Mexico Leaves Rate at 8.25% Amid Inflation Concerns Bloomberg.com
Brazil Stocks Fall on Lower Growth Prospects; Bolsa Declines Bloomberg.com
Mexico offers 40bln pesos of loans for mortgages Bloomberg.com
Mantiene Banxico en 8.25% tasa de interés interbancaria El Universal
Lanzan Nafin y Bancomext apoyo a Pymes por 35 mil mdp El Universal

The fleeing of investors and the slowing of demand for commodities are ending the rapid economic growth that Latin America has experienced in recent years. The new picture in Latin America is filled with negative or low profit growth in countries such as Brazil and Mexico. As a consequence of the recent stock market plummets, the Amazonian titan has reduced its forecast for economic growth over the next year. Although Latin American policymakers hoped the recent rallies in the markets would serve as a beacon of light to wary investors, the overall commodity price expectations, which are key to Latin American growth, remain very low.

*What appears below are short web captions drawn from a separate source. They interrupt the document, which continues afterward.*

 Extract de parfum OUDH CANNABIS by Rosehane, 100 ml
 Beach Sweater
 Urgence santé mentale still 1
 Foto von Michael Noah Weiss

Mexico tries in a desperate move to rescue the peso by tapping more than 10 percent of the central bank’s reserves. The Mexican central bank offered 40 billion pesos (3.1 billion USD) credit to mortgage lenders in a bid to bolster liquidity in the housing market. However, Mexico’s benchmark interest rate remained at 8.25 percent. Mexico’s central bank has held the benchmark interest steady throughout the crisis, because its policymakers fear that a rate cut would further weaken the currency and spur inflation. Inflation has been speculated to stay at 6 percent by the end of the year, which is an increase of 0.6% from its current levels.

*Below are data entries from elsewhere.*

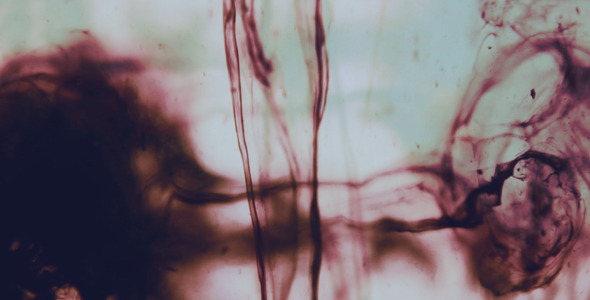 Abstract Ink Abstract Ink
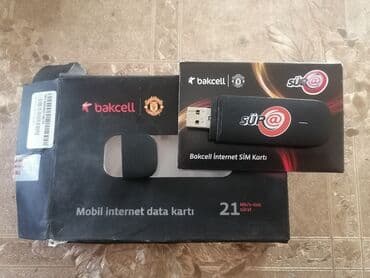 tp link əlaqə nömrəsi: Bakcell Sür@ mobil internet data kartı (USB modem) - Brend: Huawei — 4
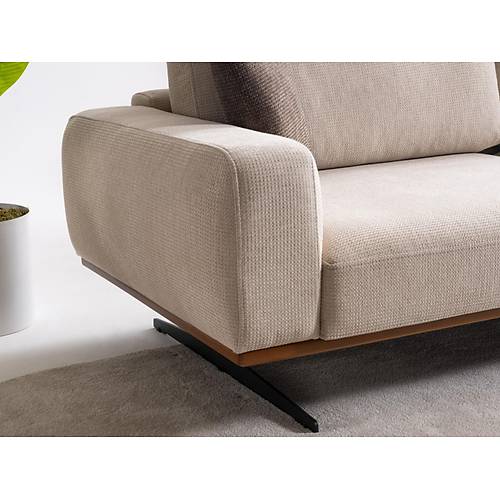 Herise-STT Ke Koltuk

On October 13 the Mexico’s central bank also unveiled a plan to provide financing to commercial banks in need of liquidity, which is basically a scaled-down version of the current rescue strategy in the U.S. As in the U.S., some policymakers fear that banks will use this capital infusion to pay debts, rather than using it for its intended purpose – to loosen credit. Critics back up this argument by pointing to the U.S. tax stimulus earlier this year, when millions of Americans received hundreds of dollars in a design to bolster consumer spending. However, many people used the extra funds to pay off debts instead of buying new items, which tampered the intended effects of the stimulus. Finally, some private financial organizations in Mexico, principally Bancomext and Nafin, have been able to inject around 2 billion USD in credit during the last few days in hopes of propelling the small and medium size business activity and stabilizing the employment crisis.

Questions:

1) Would it be better to help spark lending and spending if Mexico's central bank temporarily lowered their benchmark rate or are their over inflation concerns valid?
2) Will any of the money given to banks be translated into consumer credit? Or will the banks simply pay down existing debts? Is there a better way to spark bank lending than giving them cash?